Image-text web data
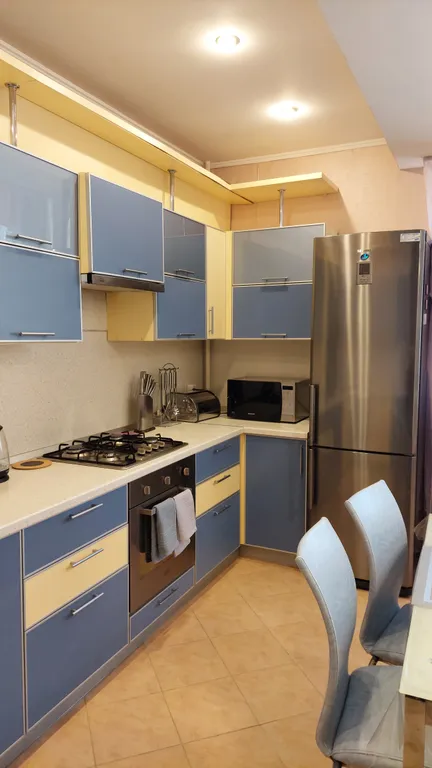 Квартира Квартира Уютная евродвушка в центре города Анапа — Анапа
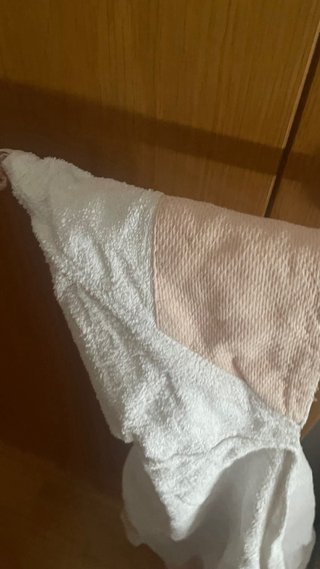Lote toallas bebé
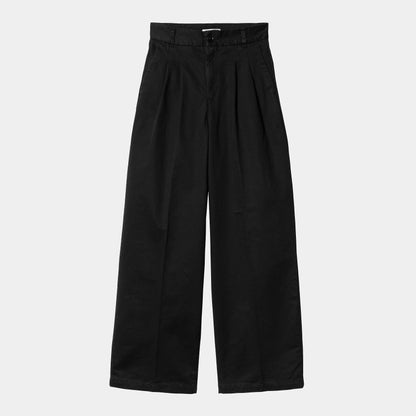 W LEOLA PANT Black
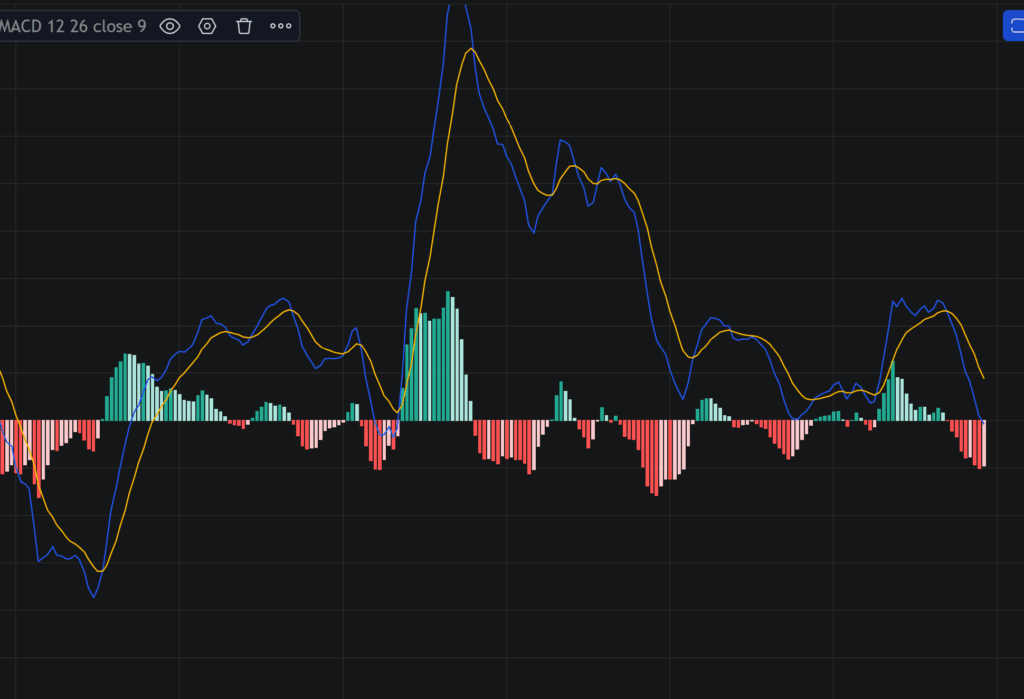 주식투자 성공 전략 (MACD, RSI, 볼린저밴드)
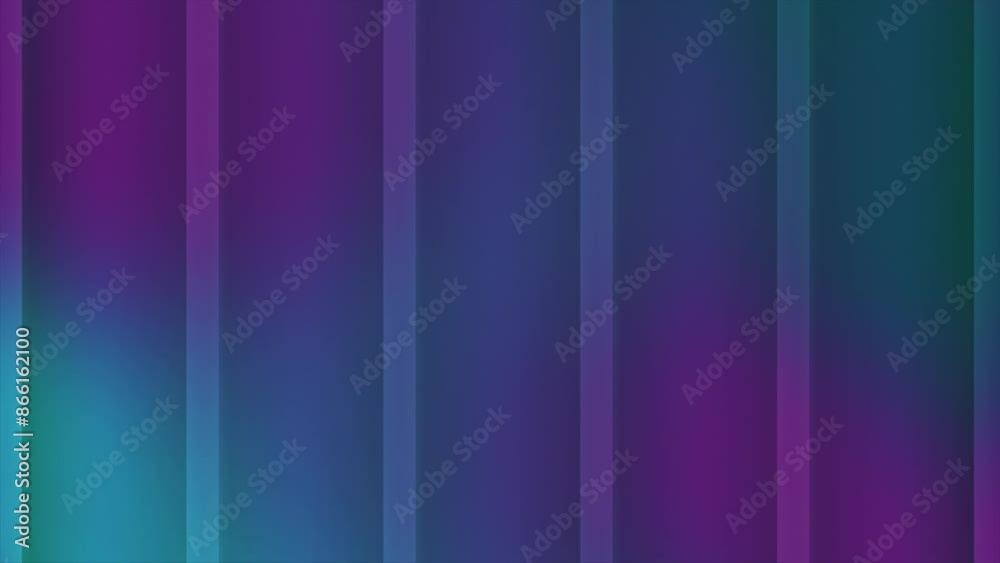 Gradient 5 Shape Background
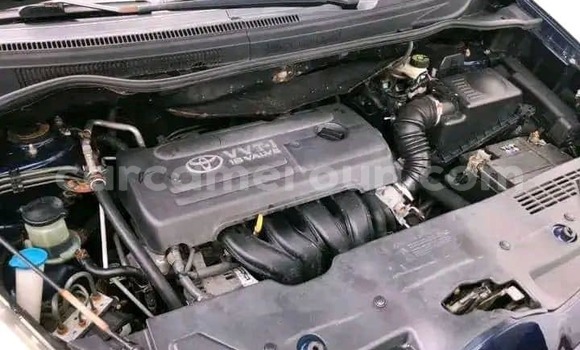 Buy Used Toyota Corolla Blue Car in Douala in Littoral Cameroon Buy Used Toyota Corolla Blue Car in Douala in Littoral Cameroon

--

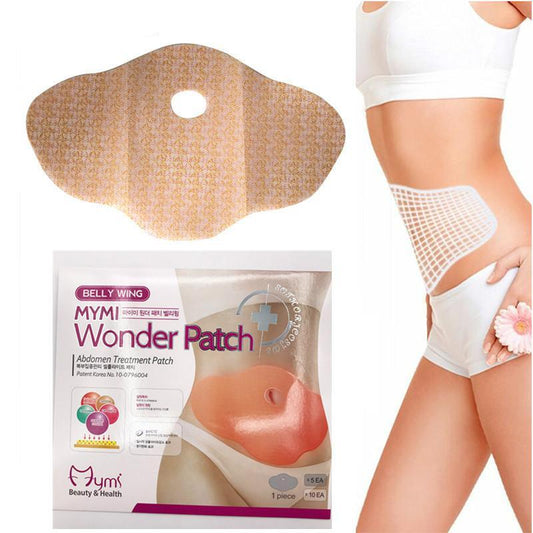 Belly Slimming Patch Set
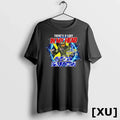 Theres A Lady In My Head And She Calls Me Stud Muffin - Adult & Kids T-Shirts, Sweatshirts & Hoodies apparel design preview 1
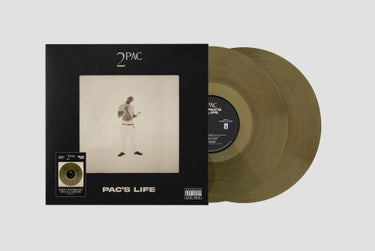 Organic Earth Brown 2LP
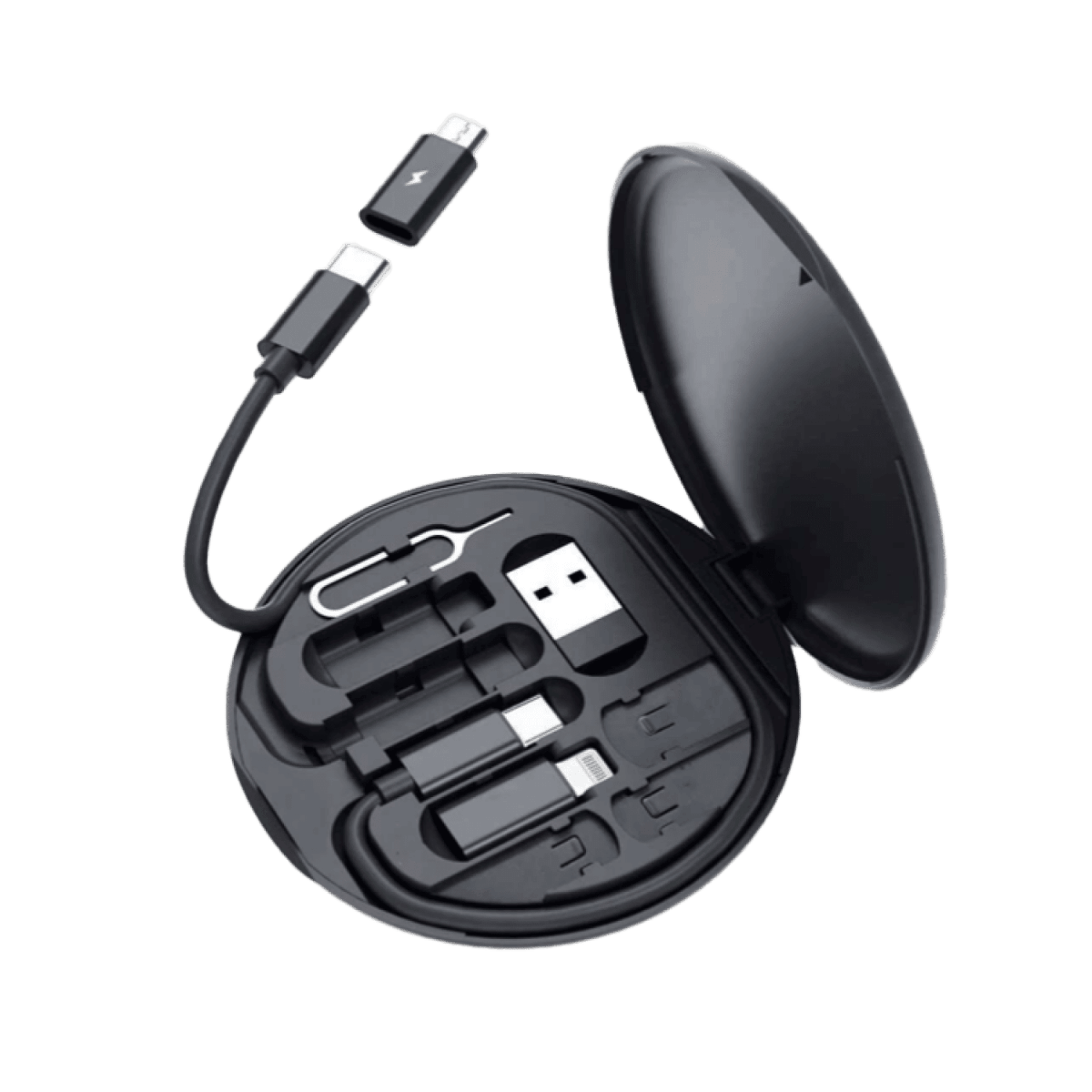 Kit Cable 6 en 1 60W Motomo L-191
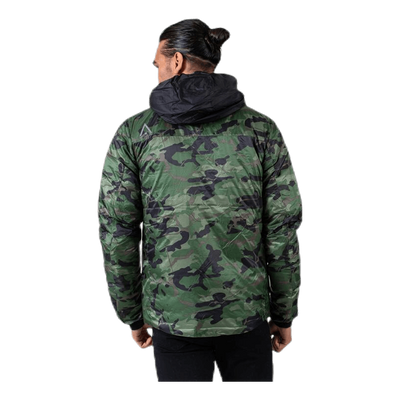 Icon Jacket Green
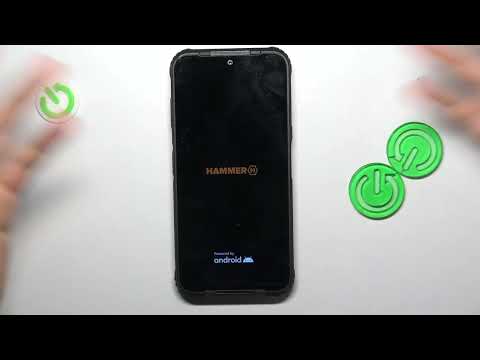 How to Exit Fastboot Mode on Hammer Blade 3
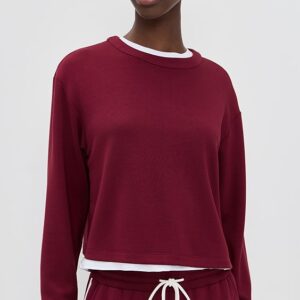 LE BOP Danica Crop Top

TASK DETAILS:
Restate the lines above from the one containing "주식투자 성공 전략 (MACD, RSI, 볼린저밴드)" through the one containing "Littoral Cameroon Buy", inclusive, exactly and without pictures.

RESPONSE TO THE EXERCISE:
 주식투자 성공 전략 (MACD, RSI, 볼린저밴드)
 Gradient 5 Shape Background
 Buy Used Toyota Corolla Blue Car in Douala in Littoral Cameroon Buy Used Toyota Corolla Blue Car in Douala in Littoral Cameroon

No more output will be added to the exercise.